300 anos depois, com as mudanças vindas da industrialização na Europa, outras interpretações surgiram – entre elas, teorias sobre como espaços de se viver e espaços de se trabalhar poderiam ser organizados coletivamente. Robert Owen, na década de 1840, pensou em um conceito de organização social que ele chamou de Parallelograma. Seria uma maneira de importar para a realidade doméstica conceitos sobre a dinâmica da ordem de produção agrícola e industrial, em uma estrutura gerida de maneira coletiva por núcleos de no máximo 2000 indivíduos, que coabitariam e teriam direitos iguais entre si. Na organização espacial, contariam com espaços coletivos, como salas de jantares, escolas, jardins de infância, bibliotecas e áreas de esporte, amplos e generosos, enquanto os espaços privados seriam bem mais modestos.

O mais famoso dos teóricos deste movimento utópico socialista é o francês Charles Fourier, que escreveu alguns livros na primeira metade do século XIX sobre um tipo de organização social que ele julgava ser a mais apropriada, batizada de Falanstere. Tudo seria de propriedade coletiva, e os núcleos de habitação contariam com grandes áreas compartilhadas – abrigando até com um picadeiro de esgrima de uso comum. As ideias de Fourier foram proibidas na França, mas um membro do Senado, o industrial fabricante de fogões Jean André Baptiste Godin, teve permissão para construir o que ele chamou de Familistere, uma comunidade onde todos viveriam como uma grande família. Em Guise, norte da França, ele chegou a concretizar suas ideias, ao erguer uma grande fábrica cercada de habitações multifamiliares, ligadas entre si por amplos telhados de vidro. Os trabalhadores eram donos da fábrica, e cuidavam dos espaços coletivos de maneira geral, através de escalas e distribuição de serviços – igualitárias, para homens e mulheres. Hoje o complexo e a fábrica ainda existem e pertencem ao patrimônio francês.

Em dias mais atuais, o movimento retoma a força na época dos hippies americanos, quando os jovens partilhavam espaços de vivência dentro de uma organização livre e um senso de comunidade enriquecido por conceitos culturais, sociais e políticos partilhados entre si. Na Dinamarca, nos anos 70, algumas famílias dividiam grandes residências, outrora unifamiliares, criando uma comunidade intencional, autônoma e cooperativa, onde os residentes viviam em torno de espaços compartilhados.

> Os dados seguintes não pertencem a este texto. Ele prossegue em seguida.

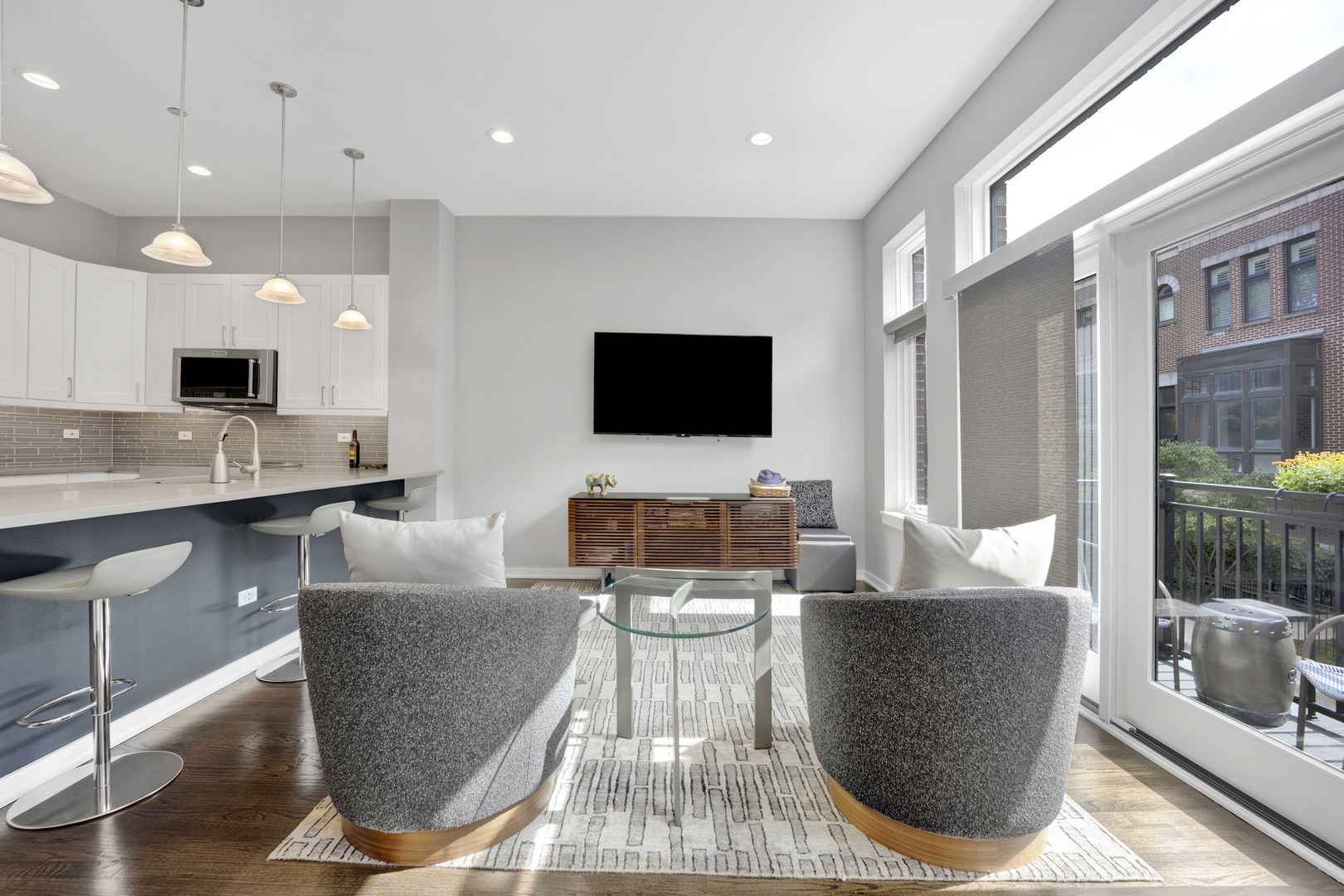 1720 W Surf Street Unit: 36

Criado em 1990 em Davis, na California, e inspirado nos conceitos dinamarqueses, o Muir Communs é o primeiro empreendimento de cohousing construído nos Estados Unidos. Composto de 26 casas, tem residências particulares, mas possui métodos próprios e coletivos de gestão e áreas comuns compartilhadas. Um edifício comunitário abriga uma lavanderia, cozinha, escritorio e academia, quarto de hospedes e uma grande sala de reuniões. Todos os residentes devem contribuir para a manutenção das áreas de jardins – com ferramentas que são de propriedade de todos – bem como preparar uma refeição uma vez por mês para toda a comunidade.

O complexo de co-habitação ecológica Qville, em Essen, Bélgica, projetado em 2020 pelo grupo B-Achitecten combina acomodação privada e espaços coletivos compartilhados. Antigos estábulos de quarenta, o conjunto de construções térreas é composto de edifícios tombados e se localizam em uma área bem arborizada, próxima a uma reserva ecológica e perto do centro da cidade, já na zona rural de Essen. Os prédios originais foram restaurados, e alguns edifícios foram reconstruídos ou sofreram adaptações. O terreno abriga um total de 13 construções – são 44 unidades habitacionais autônomas com jardins privativos – que contam com configurações que vão de 1 a 4 dormitórios. As áreas comuns contam com piscina coberta, área de bem-estar, centro comunitário e áreas de co-working, além de um terraço coberto equipado com mesa comunitária e cozinha coletiva, que dá para um lago, onde os moradores costumam nadar no verão. O consumo de energia é quase zero. É um verdadeiro bairro, com paisagismo inspirador e ambiente calmo e tranquilo.

Os habitantes compartilham os carros, que são elétricos e contam com estações de recarga que utilizam energia solar. Várias bicicletas são deixadas a disposição, para que os moradores se sintam estimulados a visitar as florestas próximas e a se exercitar. A parte comercial, que faz parte do empreendimento, conta com um bar e alojamento do tipo bed and breakfast para que os moradores possam receber amigos e convidar turistas para conhecer o local. Na entrada, um pequeno centro de exposições conta as histórias e origens do local e das edificações originais. Um detalhe interessante: muitos dos moradores do local são idosos – apesar do empreendimento não ser destinado a nenhum tipo de público em específico.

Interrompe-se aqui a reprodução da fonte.